Curtailment Analysis
Modern grid congestion requires curtailment analysis to predict restricted power output. Combining historical data screening with advanced network simulations eliminates financial uncertainty, producing accurate, bankable revenue forecasts for stakeholders.
Modern electrical grids are experiencing unprecedented congestion and critical upgrade requirements. To prevent physical overload on the network, grid operators reserve the right to temporarily restrict—or curtail—the power output of connected generation and storage assets. Curtailment analysis is a predictive engineering study utilized to assess exactly how often, and by how much, a project's power export will be limited. This study is fundamentally required whenever a new asset is proposed in a heavily constrained network area or is subjected to an Active Network Management (ANM) scheme.

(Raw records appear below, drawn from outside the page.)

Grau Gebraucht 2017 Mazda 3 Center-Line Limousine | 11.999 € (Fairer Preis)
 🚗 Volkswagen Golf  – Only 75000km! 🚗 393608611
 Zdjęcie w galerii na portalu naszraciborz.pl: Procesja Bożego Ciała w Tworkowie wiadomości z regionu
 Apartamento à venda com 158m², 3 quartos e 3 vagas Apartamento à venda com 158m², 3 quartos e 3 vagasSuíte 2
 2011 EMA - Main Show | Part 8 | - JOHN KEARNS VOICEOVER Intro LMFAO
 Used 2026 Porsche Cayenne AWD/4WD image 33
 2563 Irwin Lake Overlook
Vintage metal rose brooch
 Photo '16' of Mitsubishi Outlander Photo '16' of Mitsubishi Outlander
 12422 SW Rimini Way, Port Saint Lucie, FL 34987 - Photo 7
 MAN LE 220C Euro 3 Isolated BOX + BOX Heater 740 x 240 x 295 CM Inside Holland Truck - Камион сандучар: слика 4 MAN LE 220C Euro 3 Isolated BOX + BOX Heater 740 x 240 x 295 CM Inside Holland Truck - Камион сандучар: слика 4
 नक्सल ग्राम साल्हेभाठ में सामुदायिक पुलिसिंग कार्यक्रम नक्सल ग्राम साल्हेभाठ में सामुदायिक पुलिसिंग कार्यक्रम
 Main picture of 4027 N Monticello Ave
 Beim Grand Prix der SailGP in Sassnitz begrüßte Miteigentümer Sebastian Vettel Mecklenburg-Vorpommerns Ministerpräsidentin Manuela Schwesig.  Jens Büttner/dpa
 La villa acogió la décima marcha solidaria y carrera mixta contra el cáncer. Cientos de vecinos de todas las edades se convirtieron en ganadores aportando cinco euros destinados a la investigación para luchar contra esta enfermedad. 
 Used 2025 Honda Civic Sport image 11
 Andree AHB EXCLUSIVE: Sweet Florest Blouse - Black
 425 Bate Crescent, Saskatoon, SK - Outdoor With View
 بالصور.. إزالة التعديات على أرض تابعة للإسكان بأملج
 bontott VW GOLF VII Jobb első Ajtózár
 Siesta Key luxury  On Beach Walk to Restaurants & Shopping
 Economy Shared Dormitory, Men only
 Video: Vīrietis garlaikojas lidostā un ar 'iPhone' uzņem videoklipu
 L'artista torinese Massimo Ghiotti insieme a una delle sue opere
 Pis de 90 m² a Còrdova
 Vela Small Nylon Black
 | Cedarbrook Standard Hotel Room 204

Accurately predicting export restrictions is the absolute bedrock of successful project development. High curtailment figures directly degrade a project's feasibility and its overall financial performance. Depending on how conservative the relevant assumptions are made, estimated curtailment figures for the exact same project can swing between 0% and 90%.
By utilizing rigorous curtailment analysis, these broad uncertainties are explained and eliminated. A scientific evaluation of financial risk is provided to stakeholders, ensuring that revenue models are built on realistic generation forecasts. This data-driven clarity is essential for securing bankable funding and confidently advancing a project to the construction phase.
Data based curtailment analysis
The most challenging aspect of curtailment analysis is managing the vast array of variables that impact the final results. For early-stage feasibility, a data-driven approach is highly effective. Extensive public and localized grid data—such as future planning registers, sensitivity reports, connection queue registers, Last-In-First-Out (LIFO) queue-position assumptions, historical power-flow data, technology-specific generation profiles, seasonal network ratings, and where available, site-specific operational constraints—are gathered and synthesized.
Strategic assumptions are applied to this data across various operational scenarios to calculate an estimated curtailment percentage. While this method provides a rapid baseline for financial risk assessment, it relies heavily on historical trends. Consequently, its ability to assess highly specific, system-wide load flow constraints is somewhat limited.

Model based curtailment analysis
When a project requires a highly specific, bankable curtailment forecast, an advanced, model-based approach is deployed. Rather than relying solely on overarching queue data, a complete software-based model of the physical local network is constructed.
Thousands of simulation iterations are executed to reflect the system’s true operational reality. A combination of extreme scenarios is tested—pairing highly realistic, localized generation profiles (such as minute-by-minute solar irradiation data) with exact grid impedance models and local demand curves. By mathematically simulating how the power actually flows through the congested network under worst-case conditions, the most accurate and commercially reliable curtailment figures are produced.